If you go: Northwest Tequila and Agave Spirits Festival, Renton Pavillion, Sept. 9 ($55)—N.C.
While Town Hall may be undergoing renovations this season, don’t despair — they’ll still be carrying on their unrivaled programming, but around the city! For this lecture, head to Capitol Hill’s gathering space The Summit to hear The Nation’s Washington correspondent John Nichols on the Horsemen of the Trumpocalypse. I was lucky enough to see fellow Wisconsinite Nichols here a few years ago, reading from his book Uprising: How Wisconsin Renewed the Politics of Protest from Madison to Wall Street. His humor, warmth, and great perspective from his decades-long experience as an on-the-ground journalist will make this night (about Trump’s inner circle) inspiring and hopeful.
If you go: John Nichols, The Summit on Pike, Sept. 11 ($5)—N.C.

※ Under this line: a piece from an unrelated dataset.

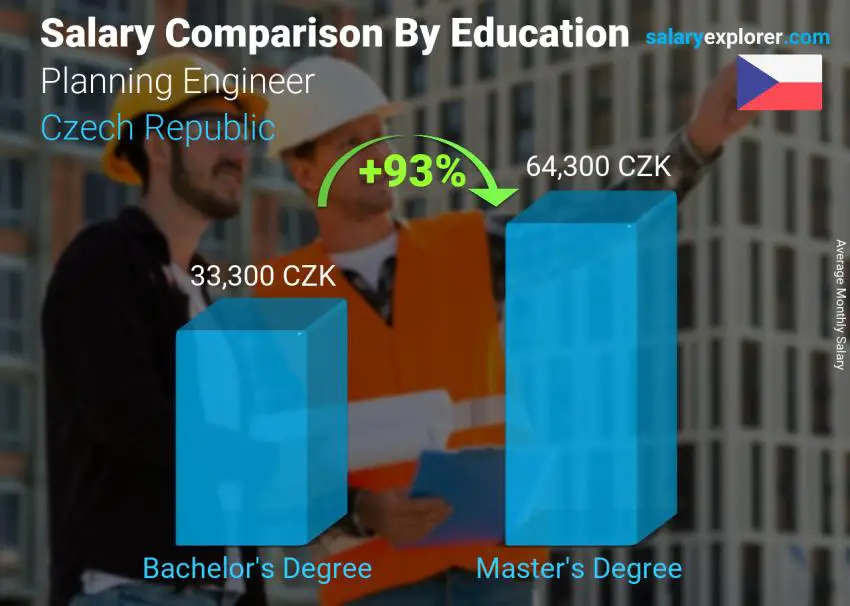 Salary comparison by education level monthly Czech Republic Planning Engineer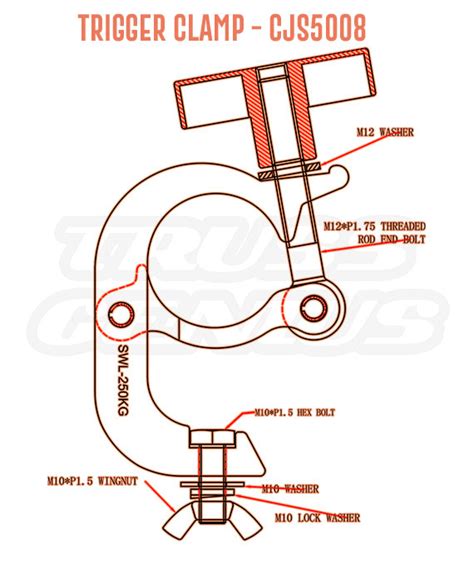 How Does A Trigger Clamp Work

I still think about a version of this show, which I caught last year at Cafe Nordo: the undeniably talented actor-performer Sara Porkalob mesmerizing audiences with a story about her Filipina grandmother, gangsters, sex and family. Did I mention it's a one-person show? And, it's a musical?! The announcement that Porkalob was tapped to be co-curator of this year's Intiman Festival generated lots of local theatrical buzz; the announcement that Dragon Lady would be fleshed out into a fuller production — still a one-person show with Porkalob portraying three generations of her family — immediately put the show on everyone's Must See lists. A twist on the usual immigration tale set to original songs that only someone as dynamic as Porkalob can pull off. It will be good.

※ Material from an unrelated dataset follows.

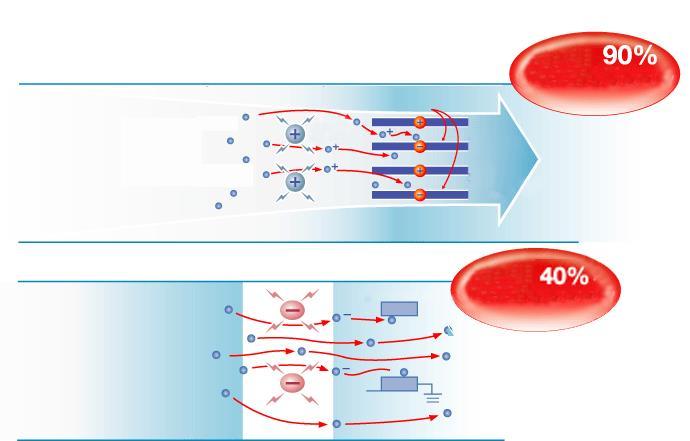 dumanı İyonizasyo n Plasma kaplama Yaklaşık filtre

If you go: Dragon Lady, Jones Playhouse at the UW, Through Oct. 1 (Tickets start at $20)--F.D.
MEX AM Northwest
The inaugural festival showcases Mexico through arts, culture, food and business. Events include a day of cross-cultural talks about arts, Mexican women and Americans who have made an impact in Mexico; a multi-course meal by Mexican Celebrity Chef Marco Marin of Latitud 32; a contemporary photography exhibit from Chiapas; a free performance by the Ballard Civic Orchestra, which is helmed by Paula Nava Madrigal; and an art show by local Mexican artists, which includes the incomparable Alfredo Arreguin. And in case you're feeling the insanity and need some additional creative relief: the socially-conscious, bi-cultural band Las Cafeteras will also be in town. If you haven't heard their song, "If I Was President," do yourself a favor and listen to it now; then, go see them live Sept. 13.